I recommend that every ham try this: ask around on the air, swap a few invitations, and start spending a few hours a month at the helms of other peoples’ stations. The education is unbelievable. You’ll develop standards of comparison for competing rigs. You’ll quickly spot differences in performance that can be hard to quantify. And, of course, you’ll strengthen friendships, swap equipment and ideas, and learn more than ever about the hobby. Even though I’ve never had any kind of stable ham shack of any consequence, I frequently find myself in a consulting role — just because I’ve done time in so many others. I recently spent time with a good friend in Wisconsin whose HF rig didn’t “feel” right… it turned out he was running a vertical with no radials.
I’m writing this month’s column at the QTH of one of the big guns, K0PP in Deer Lodge County, Montana. Ken is an ARRL Section Manager, as well as the owner of the finest antenna farm I’ve ever seen (tribander, monobander, Zepp, 160 vertical, OSCAR, various VHF beams, and a forest of 75-foot towers). Driving all this is a TS-940 and a homebrew kilowatt. Ken’s a hot CW DXer who can blister along at 30-40 WPM.
But he tuned up the linear, aimed the antenna east, and turned me loose. “Uh, me? A kilowatt?” He grinned. Tentatively, I CQ’d. Instant response from the east coast. We chatted awhile, most of it comprised of my marveling at the rig and his marveling at a 40-over signal from Montana. Then, on a whim, I said QRZ after his final… and the roar of tangled voices was a sound I’d heard many times from the opposite perspective.
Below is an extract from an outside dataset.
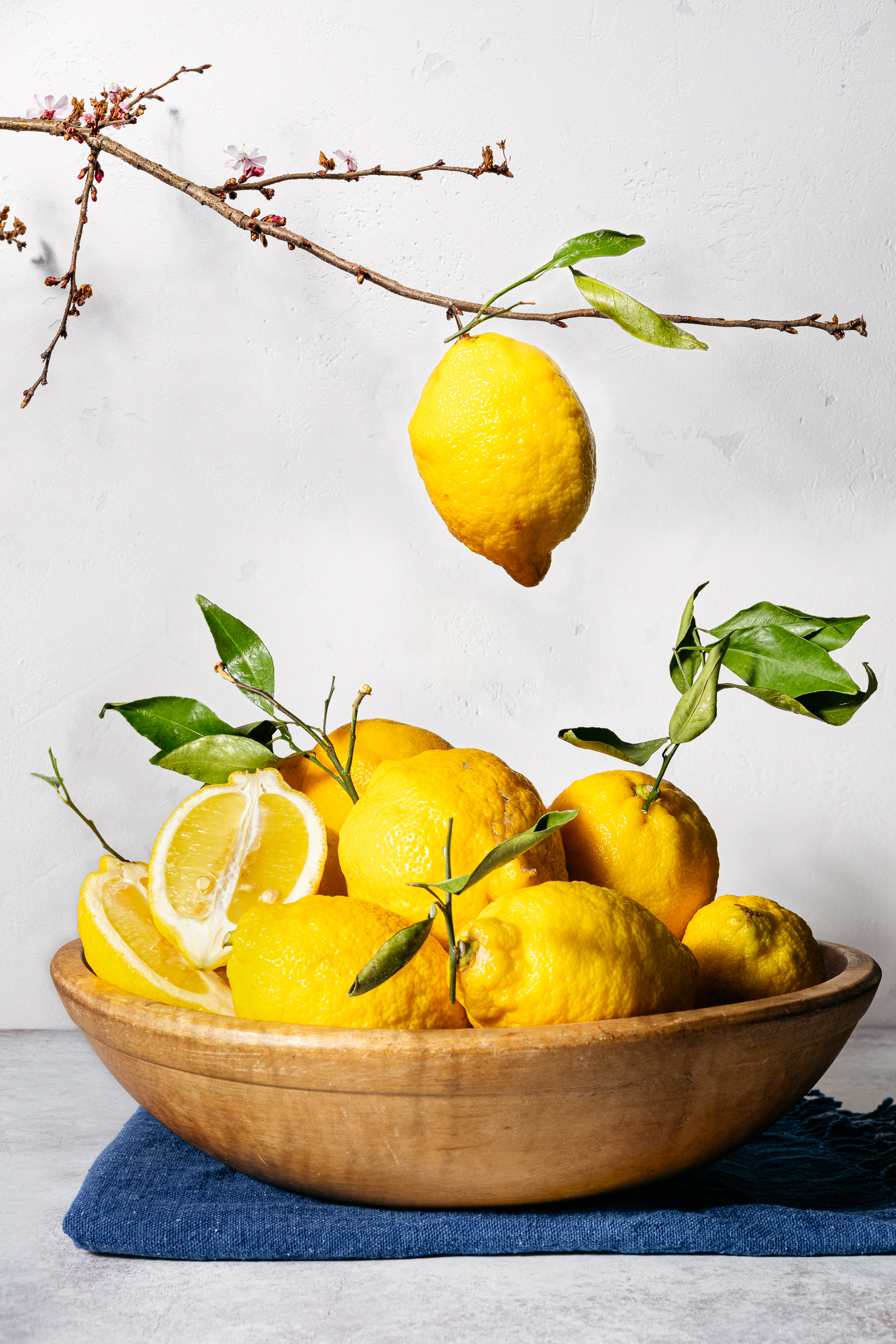 Bowl of limoni amalfitani for limoncello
For four hours I sat in the hot seat, on a roll, buzzing with excitement. With the bike publicity, a killer signal, and a rare county in a rare state, I had a glimpse of how DX stations live. I started feeling guilty over rag-chews, knowing that a dozen or so squirming stations were muttering “come on, come on” with every languid comment. I started responding to two or three calls at a time: “New Mexico, go ahead; Tango Yankee, you’ll be next.” And I twinged a bit when a QRP station in Georgia got over his delight at Montana only to say, “Steve? That doesn’t sound like a solar-powered bicycle-mobile rig.” Used to being a whisper in the wilderness, I was suddenly the most powerful thing on 20 meters. Strange and wonderful… and a little frightening.
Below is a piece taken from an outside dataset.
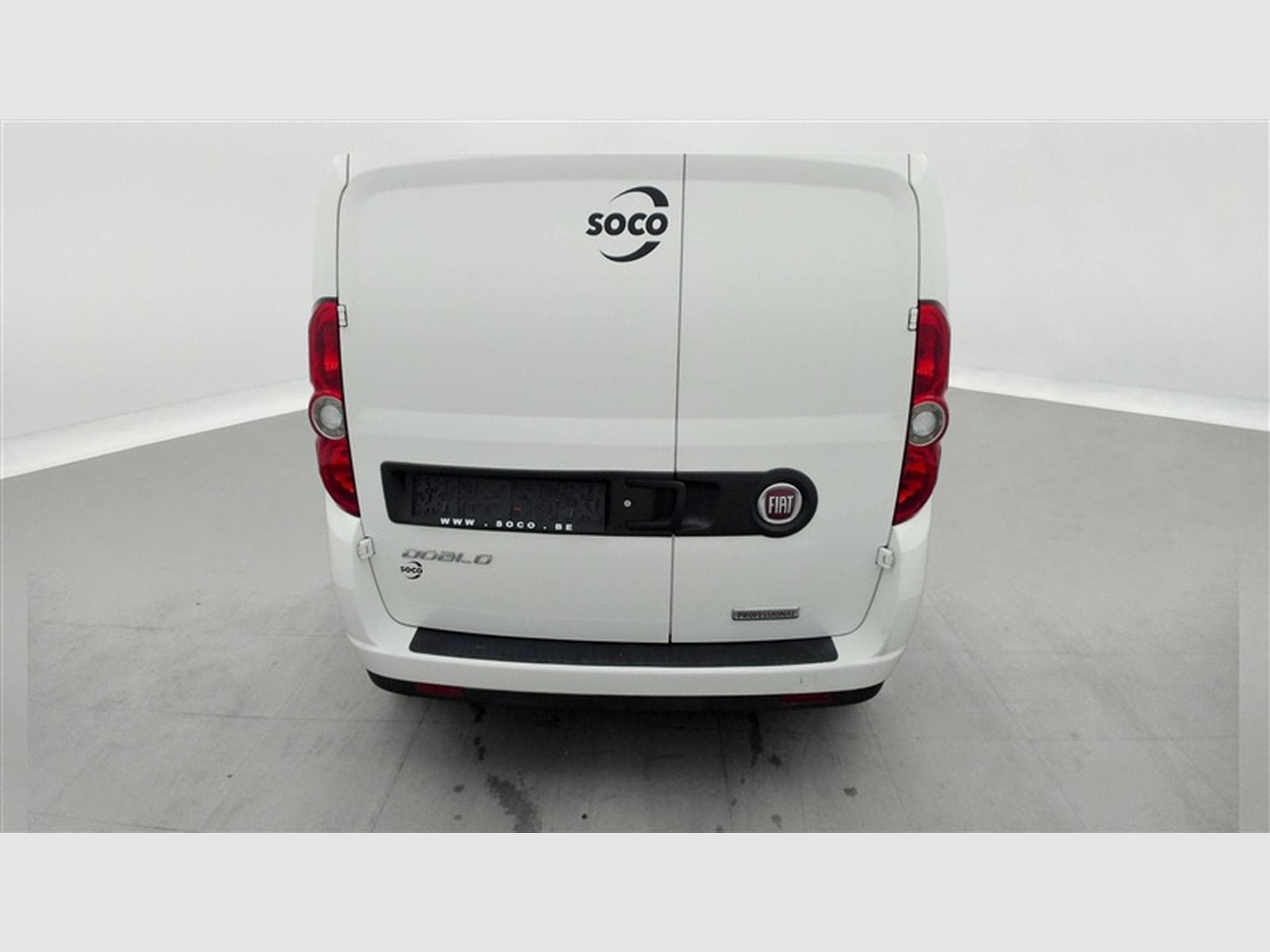 Fiat Doblo 1.6 MJET Cargo CLIM / CARPLAY (2023) - Foto 5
But the best part was watching another few pieces fall into the infinite puzzle — seeing not only a new aspect of the hobby, but also learning about great circle bearings, radiation off the sides of tribanders, the nature of passband tuning, the subjective difference between 100 and 1000 watts, the etiquette of big-gundom, the use of a rotor brake, and countless other little things too small to enumerate but, in aggregate, a major education. And that’s what it’s all about, and why I recommend that you make a point of learning at a furious pace instead of falling into the tired habits that can make any hobby, along with its practitioner, seem old.
I sometimes forget that learning is the essence of this journey, for it is not so much passion as necessity. Without the stimulus of change and new people, I’d never have found the motivation to so actively pursue new information. Try this: Open doors with HF, pass through them, and explore whatever you find. Make the bandwidth of your participation in this hobby as wide as possible. Visit other stations, and get to know both rig and operator. Push past the same old skeds and contests, for the more interesting we become as a culture, the more we will attract interesting people. There’s a critical mass somewhere, and it’s becoming increasingly clear that it’s not going to be reached through traditional public education.
But we of the networks and airwaves are in a unique position to find it, for we are dispersed across the planet, yet we communicate freely. Think of it as an intellectual responsibility to our species, as well as a whole new level of electronic fun.
Yep, bicycle-mobile HF sure is inspiring. See you somewhere on the air, on the road, or in the vapors of Dataspace!